Furthermore, I have to prove that for $x\in [-1,1]$ $$\forall n\in\mathbb{N}: T_n(x) = \cos(n\ \arccos(x))$$
To prove that the function is a polynomial I tried induction, but I seem to use circular logic instead of proving anything. What confuses me is that the definition for $T_{n +1}$ is an inductive definition in the first place. Any hints?
Induction is definitely the right way to go to proove that $T_n$ is a polynomial of degree $n$. Let $n\geqslant 2$, assume the result holds for $T_{n-2}$ and $T_{n-1}$, then $2XT_{n-1}$ is of degree $n$ and $T_{n-2}$ of degree $n-2<n$, therefore the difference is a polynomial of degree $n$.

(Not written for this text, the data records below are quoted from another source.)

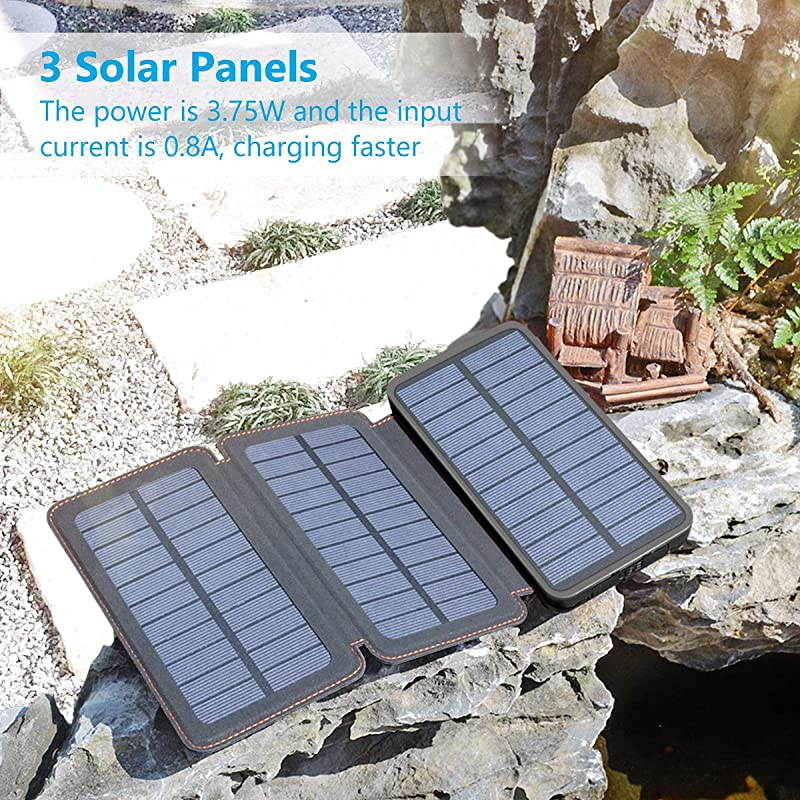 Solar Charger 24000mAh Solar Power Bank with 3 Solar Panels Portable Phone Chargers for Smart Phones Tablets and More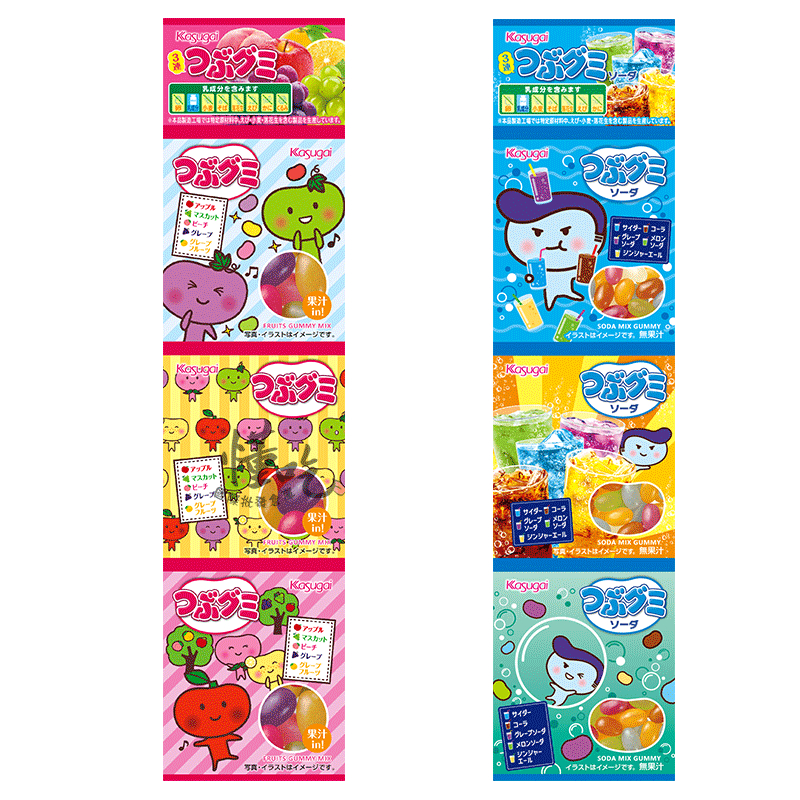 春日井 軟糖 汽水風味 水果風味 三連包 42g【零食圈】QQ糖 雷根糖 日本糖果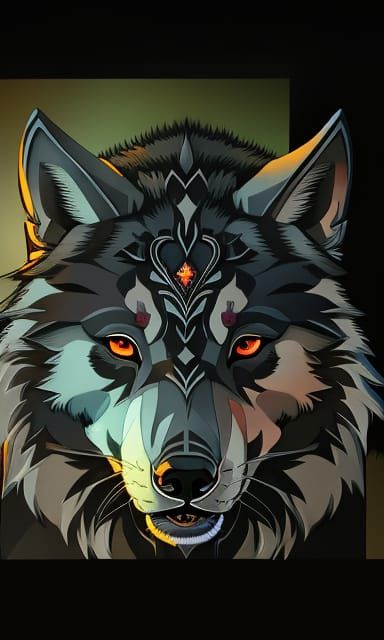 Green Wolf Portrait with Blue Earrings in Dragoncore Style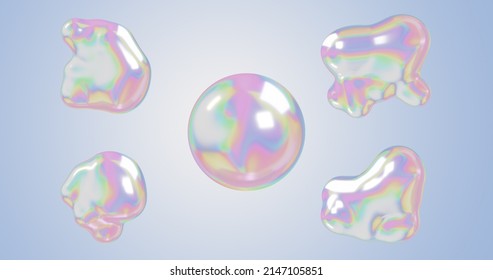 3d illustration gradient background several pastel rainbow liquid particles, circles, infusion, merging into a sphere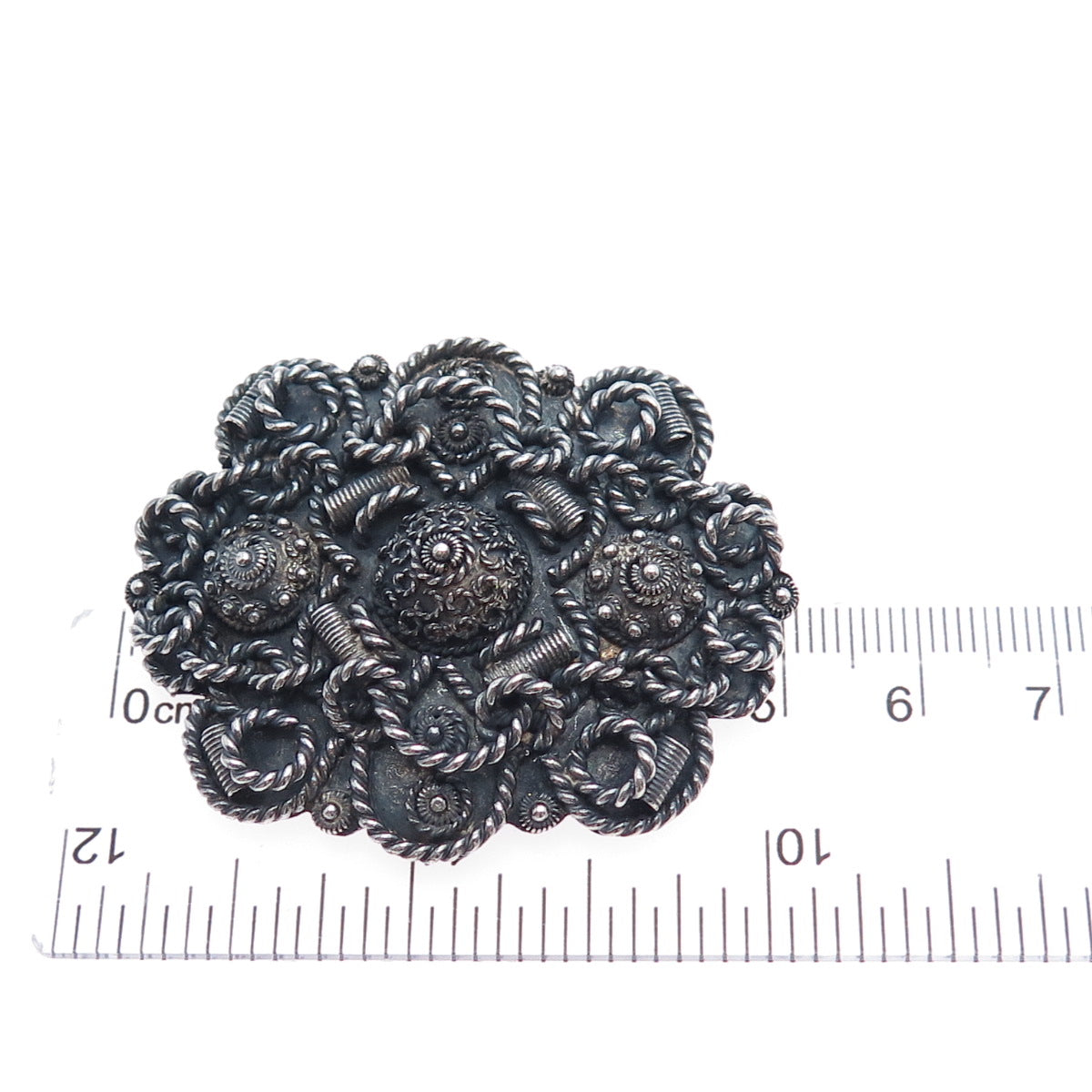 925 Sterling Silver Vintage Israel Cannetille Flower Oxidized Brooch / Pendant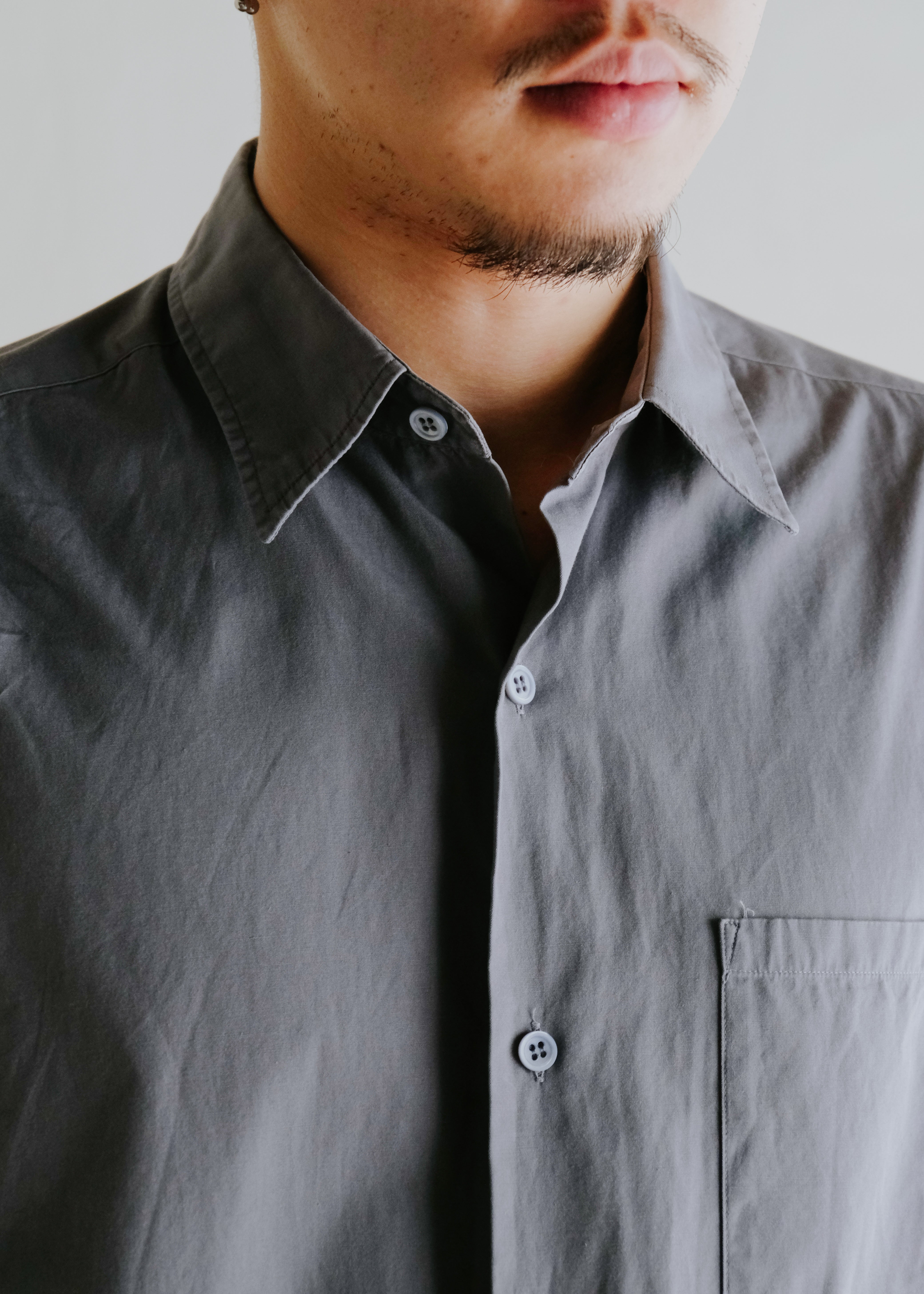 00's agnes b. homme regular collar cotton shirt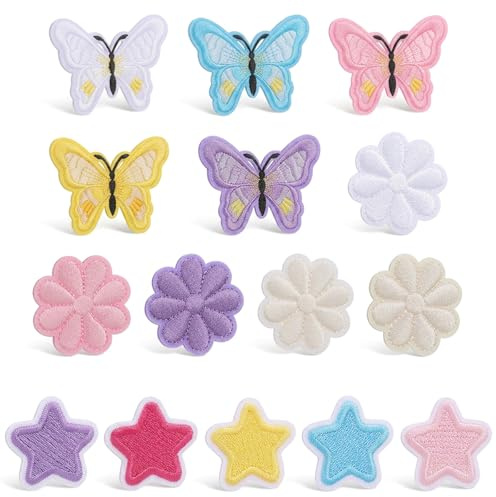 Hadnves 15 Pcs Iron on Patches Embroidered Clothes Appliques Cute Aesthetic Decorative Sew on Patch for Hats Jeans Backpacks Jacket Shoes DIY Repair Clothing, Stars Flowers Butterfly Shapes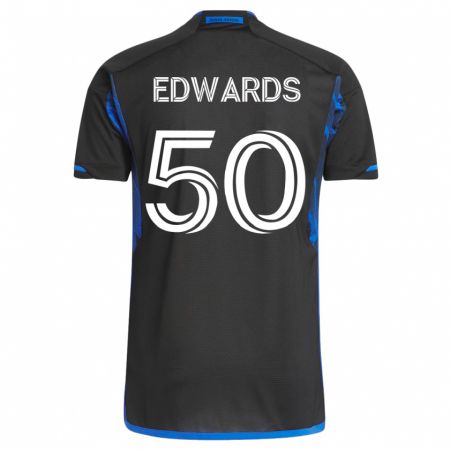 Kandiny Niño Camiseta Aaron Edwards #50 Azul Negro 1ª Equipación 2023/24 La Camisa Chile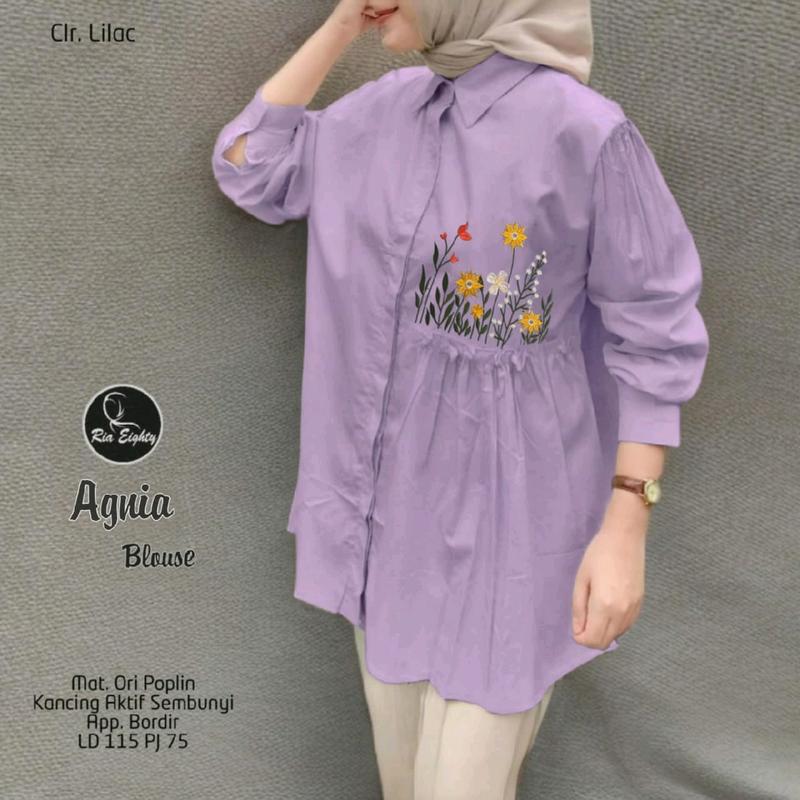 AGNIA LILAC Kemeja Bordir Asli OVERSIZE LD 115 fit XXXL Blouse katun poplin by Riaeighty 0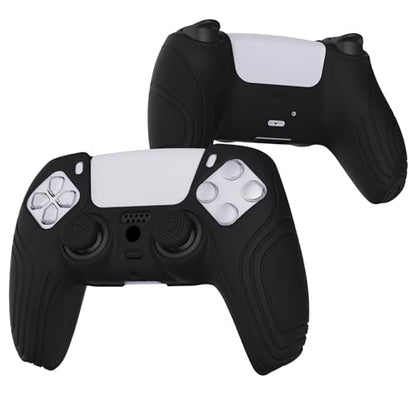 eXtremeRate PlayVital Samurai Edition Black Anti-Slip Controller Silicone Skin for ps5, Ergonomic Soft Rubber Protective Case for ps5 Controller with Black Thumb Stick Caps - color: Black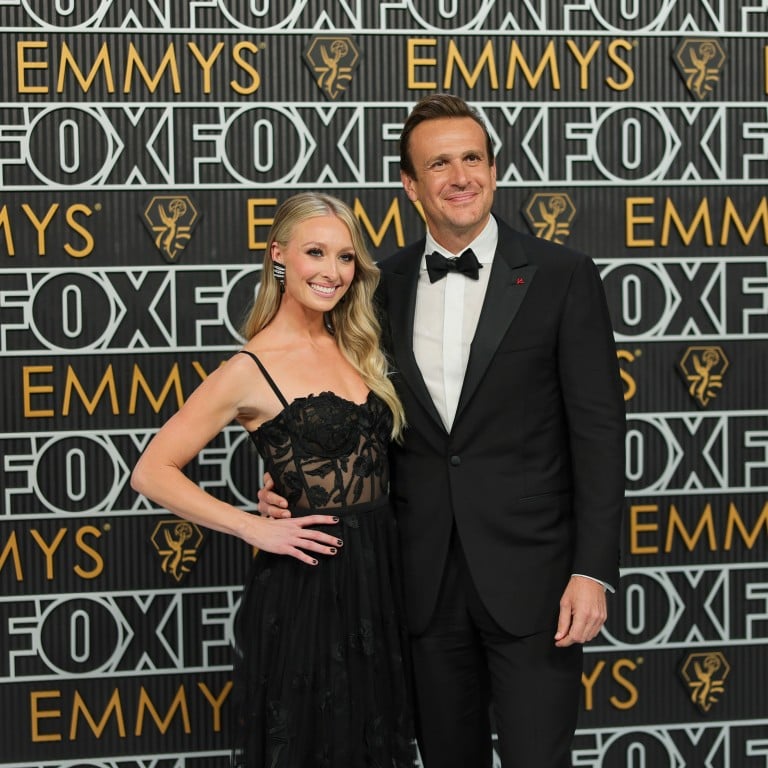 Kayla Radomski and Jason Segel attend the 75th Primetime Emmy Awards in Los Angeles in January last year. Photo: Getty Images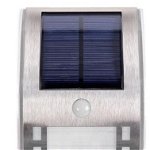 Lampa solara LED de perete Flink LS-7451B, cu senzor de miscare, 1.2W, 50 lm, acumulator 500 mAh 3.2V, otel inoxidabil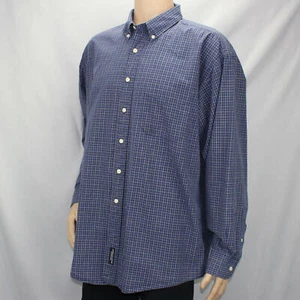 Camisa grande de manga larga a cuadros azul cuello con botones American Eagle Outfitters para hombre - Imagen 1 de 8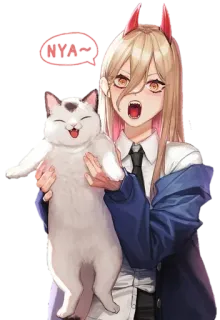 😸 Power Chainsaw Man NYA~ anime, cat, cartoon, manga telegram sticker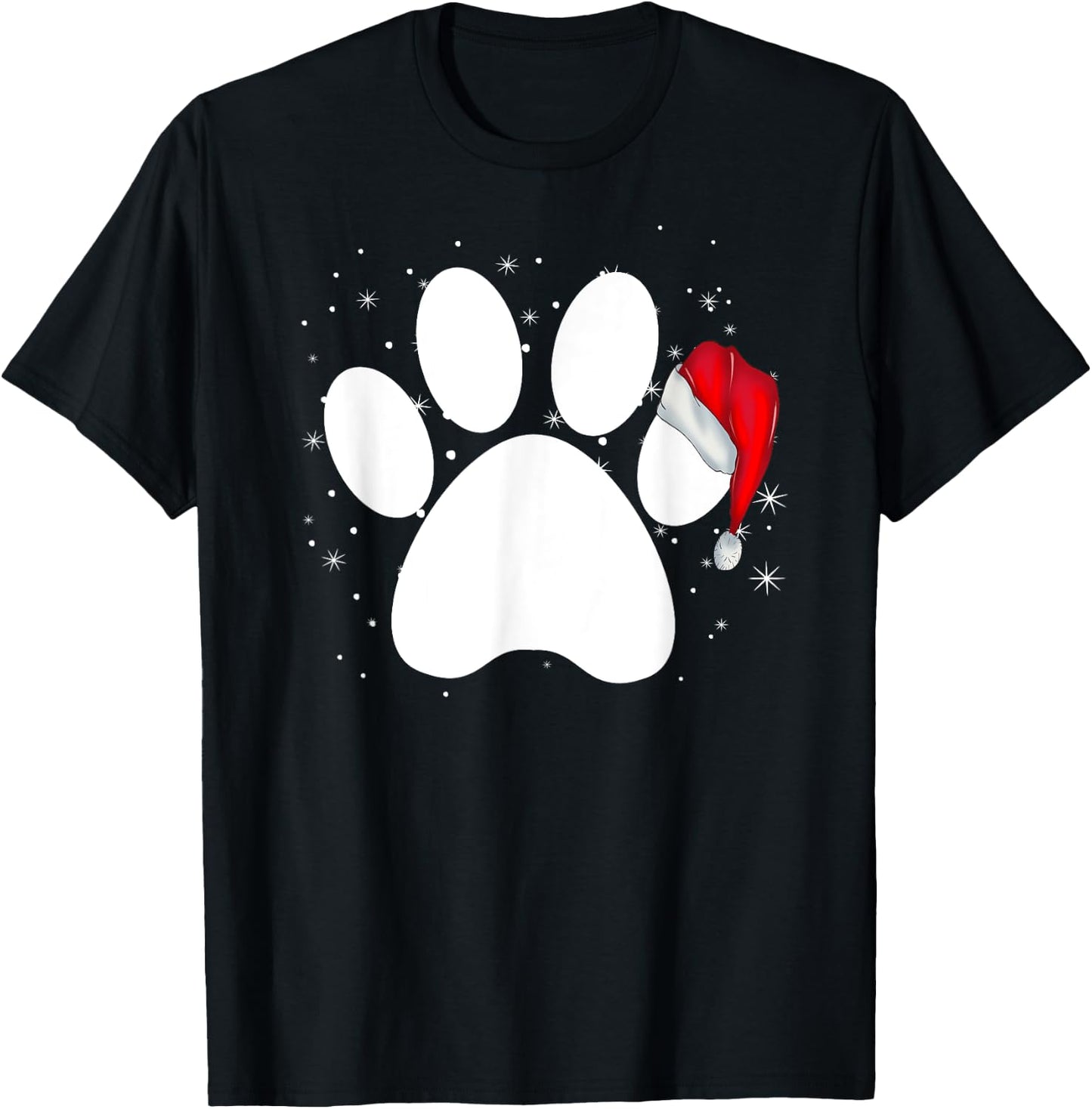 Paw Xmas Dog Christmas Funny Family Matching Outfits Dogs Women Kids T-Shirt - T-Shirt | Black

Let $\theta\in\mathbb{R}$, one has: $T_0(\cos(\theta))=1=\cos(0\times\theta)$ and $T_1(\cos(\theta))=\cos(\theta)$. Using duplication formula and induction, you can proove that: $$\forall n\in\mathbb{N},T_n(\cos(\theta))=\cos(n\theta).$$ Therefore, since $\cos\circ\arccos=\textrm{id}$ on $[-1,1]$,one has: $$T_n(\theta)=\cos(n\arccos(\theta)).$$
Reminders.
$\deg(P+Q)\leqslant\max(\deg(P),\deg(Q))$ and the equality holds whenever $\deg(P)\neq\deg(Q)$.
Duplication formula: $\cos(a+b)+\cos(a-b)=2\cos(a)\cos(b)$.